Copy exactly the lines of the data below, beginning with the line with "别克 君越 2016款 28T 豪华型中控内饰18" and ending with the line with "Продаётся 3-комнатная квартира, 67.6 м²". Pictures are to be omitted.

Excerpted data -
☆ ☆ ☆ ☆ ☆

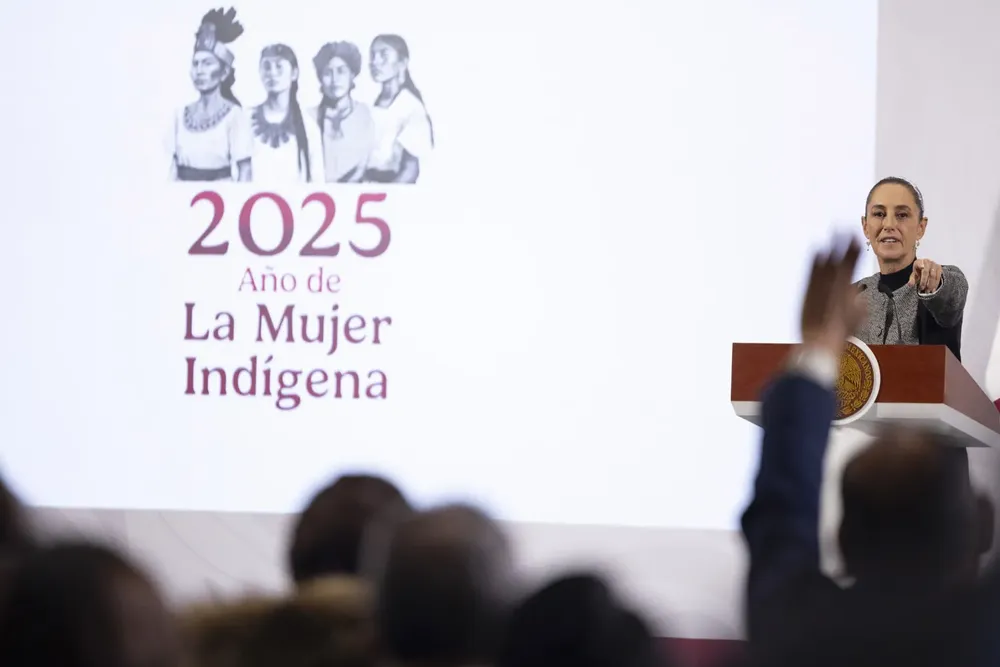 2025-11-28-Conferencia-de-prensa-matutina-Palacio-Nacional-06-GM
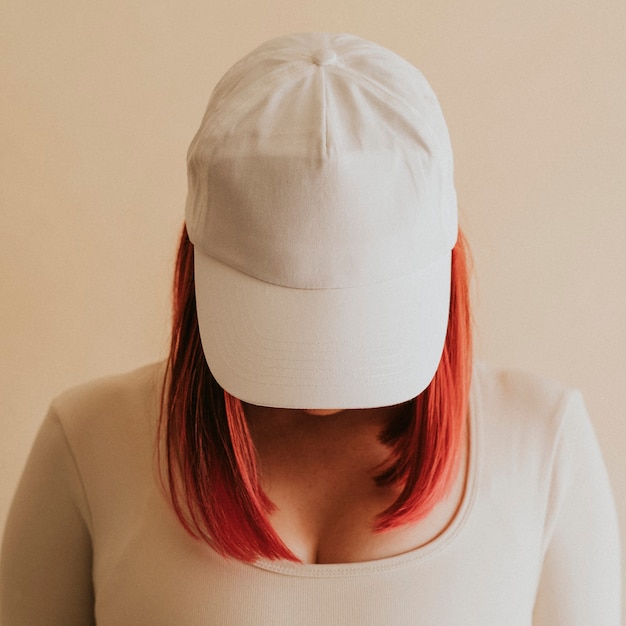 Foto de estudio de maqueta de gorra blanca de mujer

☆ ☆ ☆ ☆ ☆

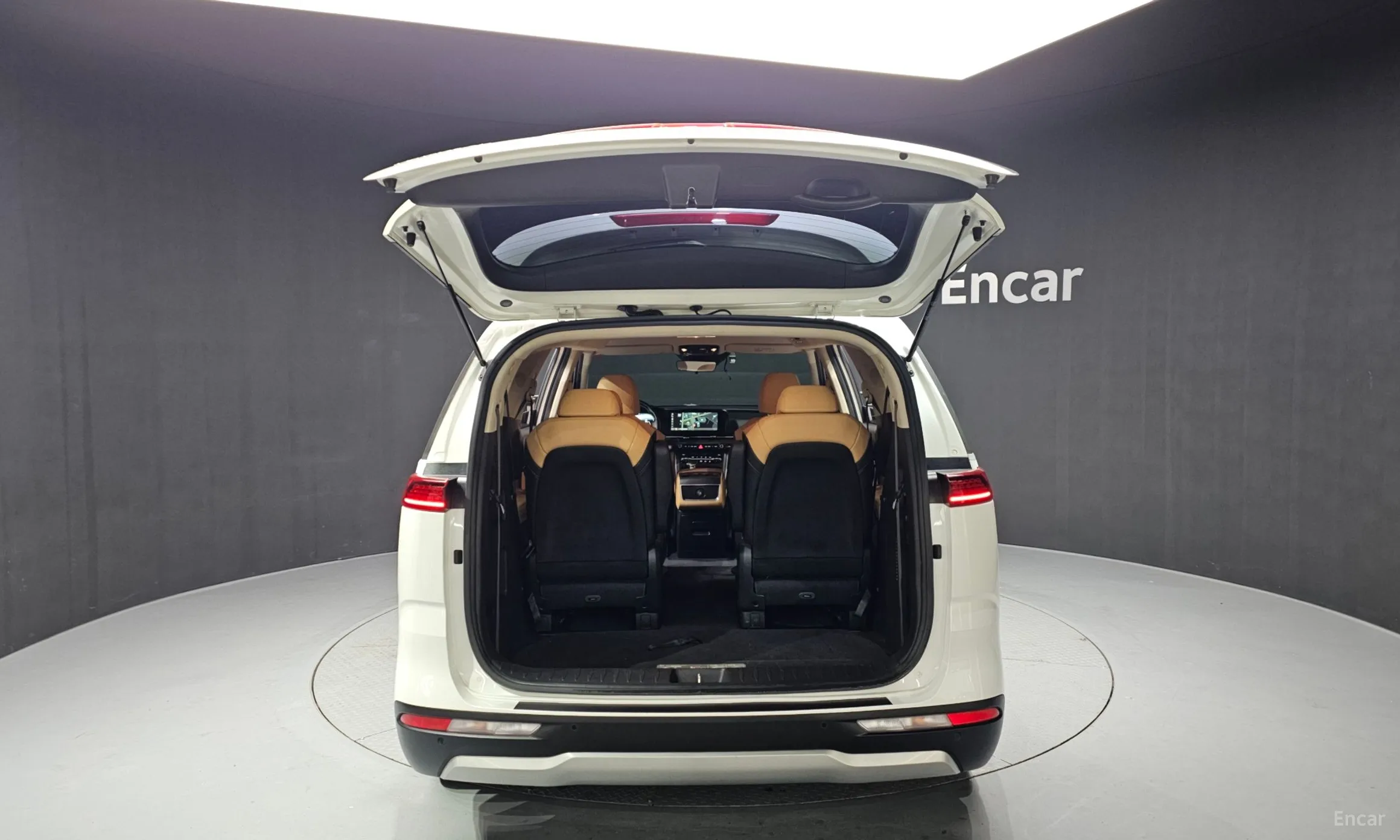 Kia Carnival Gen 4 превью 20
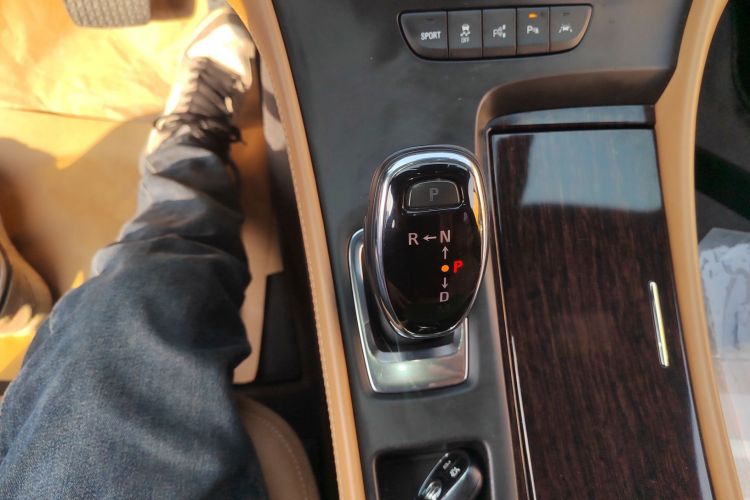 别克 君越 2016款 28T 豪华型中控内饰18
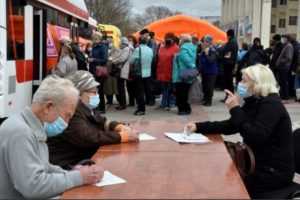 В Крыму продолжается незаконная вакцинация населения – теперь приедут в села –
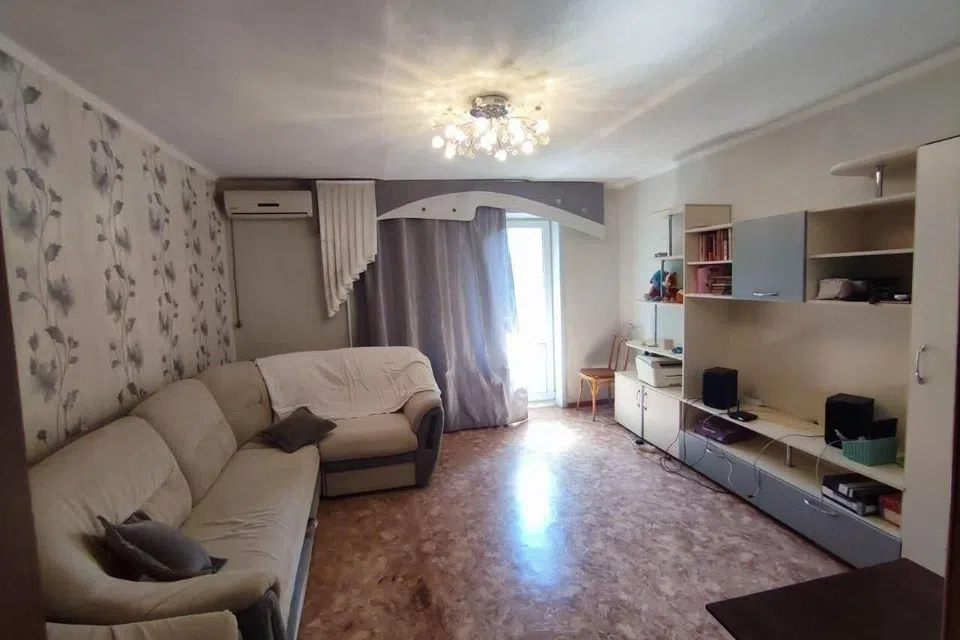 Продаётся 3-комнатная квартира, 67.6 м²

☆ ☆ ☆ ☆ ☆

Solution for this problem -
 别克 君越 2016款 28T 豪华型中控内饰18
 В Крыму продолжается незаконная вакцинация населения – теперь приедут в села –
 Продаётся 3-комнатная квартира, 67.6 м²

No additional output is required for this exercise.